L’effet du Pacte Dutreil croît plus que proportionnellement avec la valeur transmise, en raison du caractère progressif du barème.
Cumuls possibles avec d’autres dispositifs
Le Pacte Dutreil n’est pas exclusif. Quatre cumuls fréquents optimisent l’opération :
- Réduction de 50 % pour donation avant 70 ans (article 790 CGI) si le donateur a moins de 70 ans et donne en pleine propriété
- Donation en démembrement (nue-propriété au donataire, usufruit conservé), qui réduit la base taxable selon l’âge du donateur (article 669 CGI)
- Donation-partage, qui fige la valeur au jour de l’acte et évite les rapports à succession
- Paiement différé et fractionné des droits sur 15 ans (5 ans différé + 10 ans fractionné), prévu à l’article 397 A de l’annexe III du CGI
Chaque cumul a ses propres conditions et son propre calendrier. La séquence relève du travail patrimonial préalable, piloté par notaire et fiscaliste, en coordination avec un conseil M&A si une cession ultérieure est envisagée. Sur ces dossiers, notre intervention se positionne souvent en regard du bon moment pour transmettre.
Les cinq pièges qui font perdre l’exonération
Observations récurrentes en première lecture de dossiers.
Cession partielle des titres pendant l’engagement individuel. Toute cession (même partielle) des titres reçus pendant la durée de l’engagement entraîne la déchéance totale de l’exonération pour le cédant. Les autres bénéficiaires conservant leurs titres ne sont pas affectés.
Changement d’activité de la société vers une activité civile. Pendant la durée de l’engagement, la société doit conserver une activité éligible. La cessation d’activité opérationnelle ou la transformation en société de gestion patrimoniale remet en cause l’exonération.
Donateur exerçant seul la fonction de direction en réputé acquis. Dans le cadre du réputé acquis, c’est un bénéficiaire qui doit exercer la fonction de direction post-transmission, pas le donateur seul.
Oubli de mention de l’engagement dans l’acte. L’engagement collectif et l’engagement individuel doivent être expressément mentionnés dans l’acte de donation ou la déclaration de succession.
Pacte signé « in extremis » sans antériorité. L’engagement collectif suppose une détention des titres d’au moins deux ans. Un pacte conclu quelques semaines avant une transmission urgente (santé, fin de carrière) peut être disqualifié.
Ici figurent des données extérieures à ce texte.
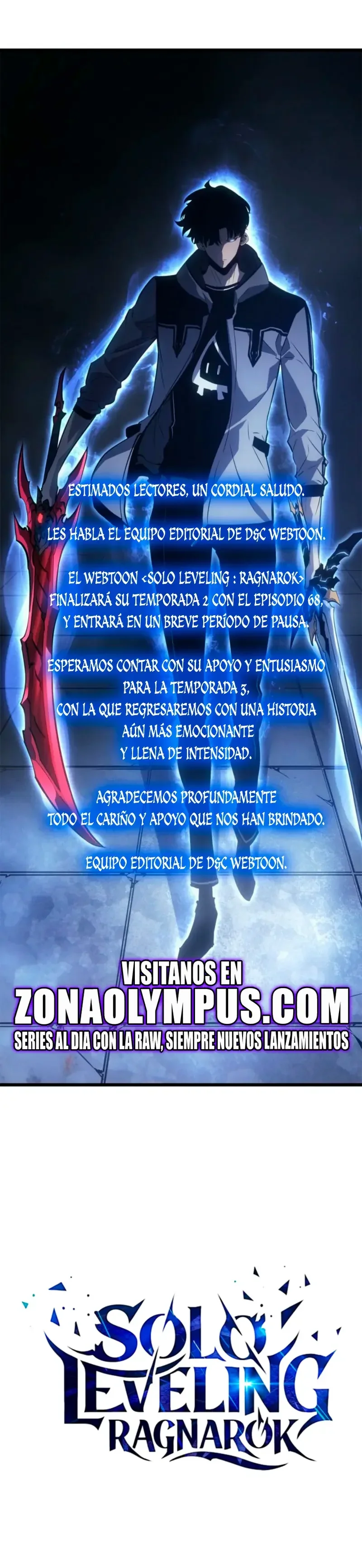 Capítulo 68.05, página 1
Questions fréquentes sur le Pacte Dutreil
Quelles sont les conditions d’exonération pour la transmission d’une entreprise individuelle ? Pour les entreprises individuelles (et non les sociétés), c’est l’article 787 C du CGI qui s’applique. Conditions principales : détention par le défunt depuis au moins deux ans, engagement individuel de conservation par chaque héritier, poursuite effective de l’exploitation par l’un d’eux pendant trois ans. L’exonération est également de 75 % de la valeur.
Quel est le taux réduit des droits en cas de transmission d’entreprise ? Le barème des droits de mutation à titre gratuit reste celui de droit commun (5 % à 45 % en ligne directe). Ce qui change avec le Pacte Dutreil, c’est l’assiette : seuls 25 % de la valeur sont taxables. L’effet ressenti est équivalent à une très forte réduction des droits.
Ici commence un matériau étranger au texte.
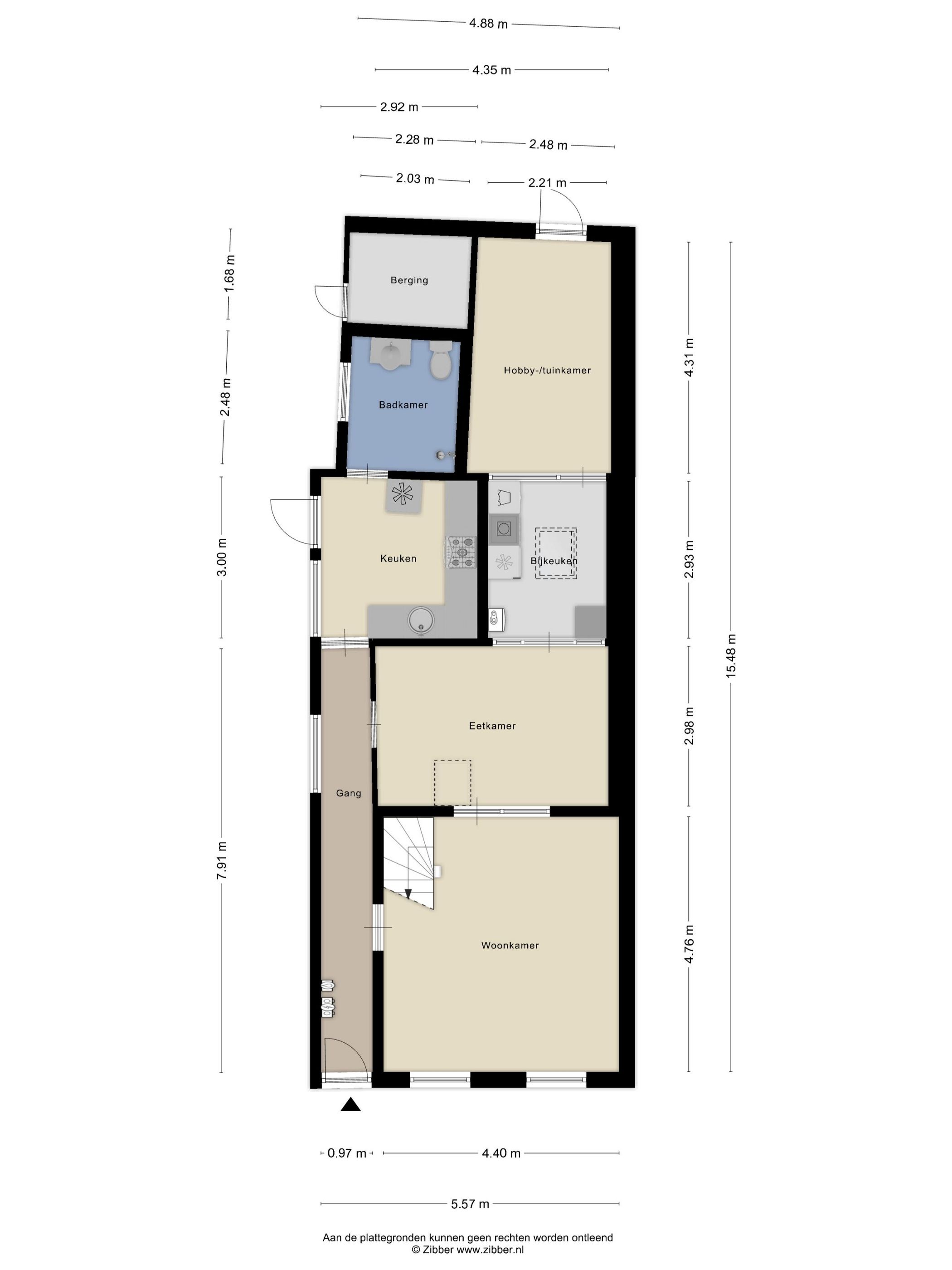 Photo 30 of Nieuweweg 50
Que se passe-t-il quand on hérite d’une entreprise sans pacte signé ? Deux options : soit le réputé acquis était rempli au décès (seuils + direction du défunt + reprise de direction par un héritier), le dispositif s’applique automatiquement ; soit les héritiers disposent d’un délai de six mois pour signer un engagement collectif post-mortem avec d’autres associés, ouvrant les mêmes effets. Au-delà, le régime de droit commun s’applique avec des droits potentiellement très élevés.
Peut-on cumuler le Dutreil avec la réduction de 50 % pour donation avant 70 ans ? Oui. Si le donateur a moins de 70 ans et donne en pleine propriété, les droits dus après application de l’abattement Dutreil de 75 % sont encore réduits de 50 %. C’est l’un des cumuls les plus utilisés en transmission anticipée.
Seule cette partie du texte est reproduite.